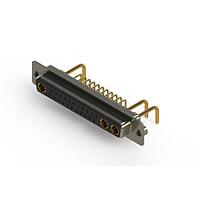 EDAC 630-25W3250-1NA Mixed Contact D-Sub Connectors Right-angle Power Combo D-Sub Connector
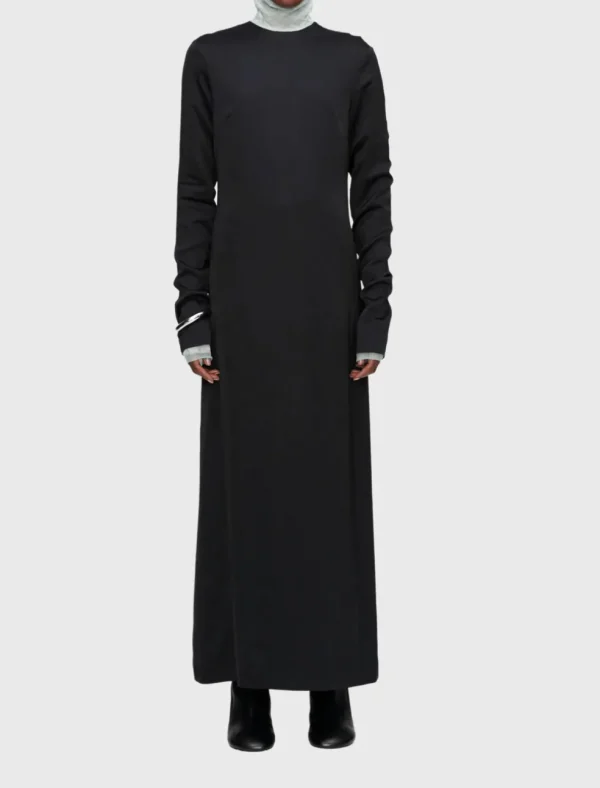 Surya Longe Sleeve Maxi Dress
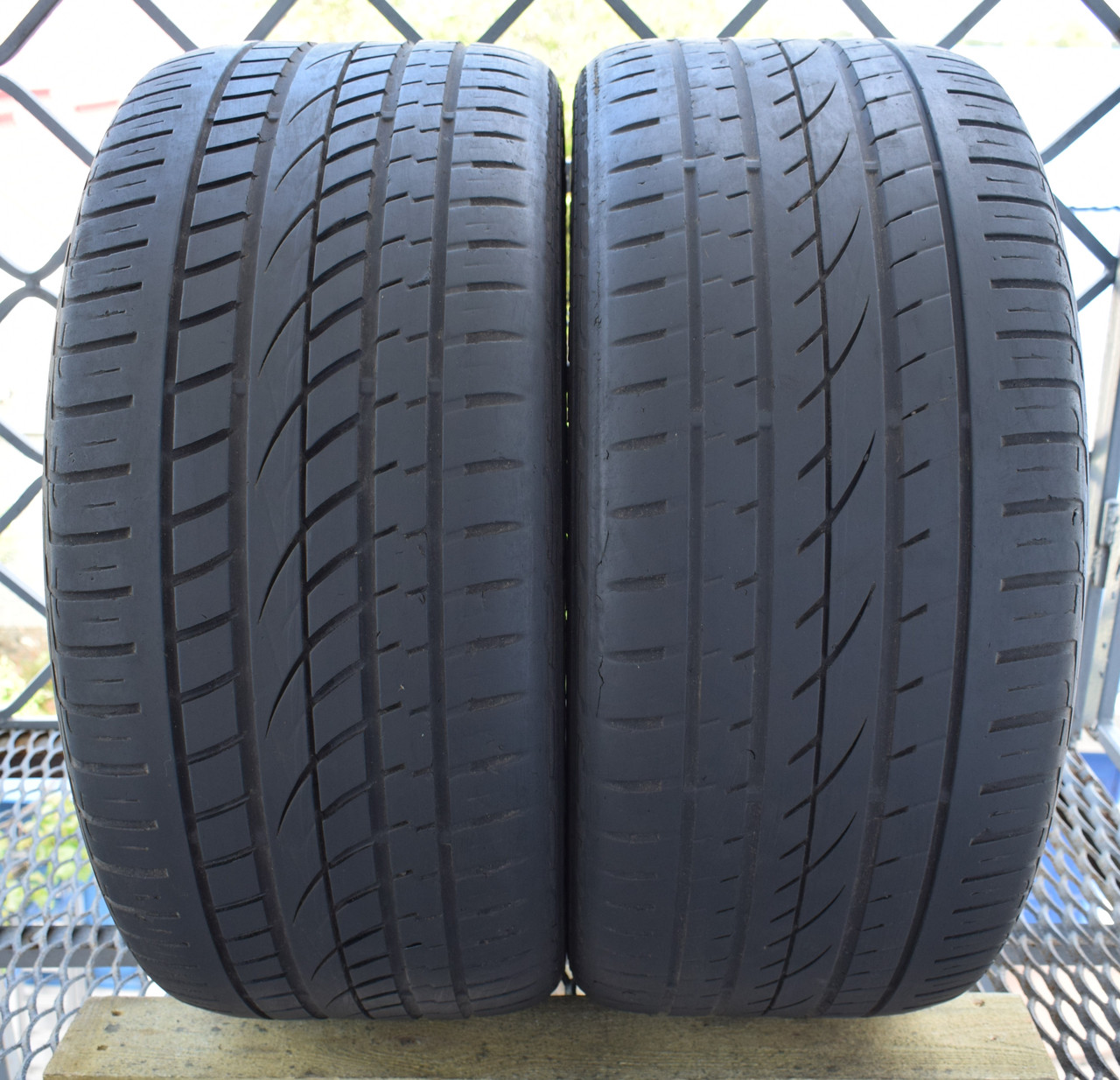 Шини б/у 295/40 R21 Continental CrossContact, ЛІТО, пара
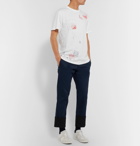 Loewe - Printed Cotton-Jersey T-Shirt - White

***

● **Exercise requirements**: Repeat all of the material above exactly, leaving out pictures.

● **Solution to the problem**:
 EDAC 630-25W3250-1NA Mixed Contact D-Sub Connectors Right-angle Power Combo D-Sub Connector
 Surya Longe Sleeve Maxi Dress
 Шини б/у 295/40 R21 Continental CrossContact, ЛІТО, пара
 Loewe - Printed Cotton-Jersey T-Shirt - White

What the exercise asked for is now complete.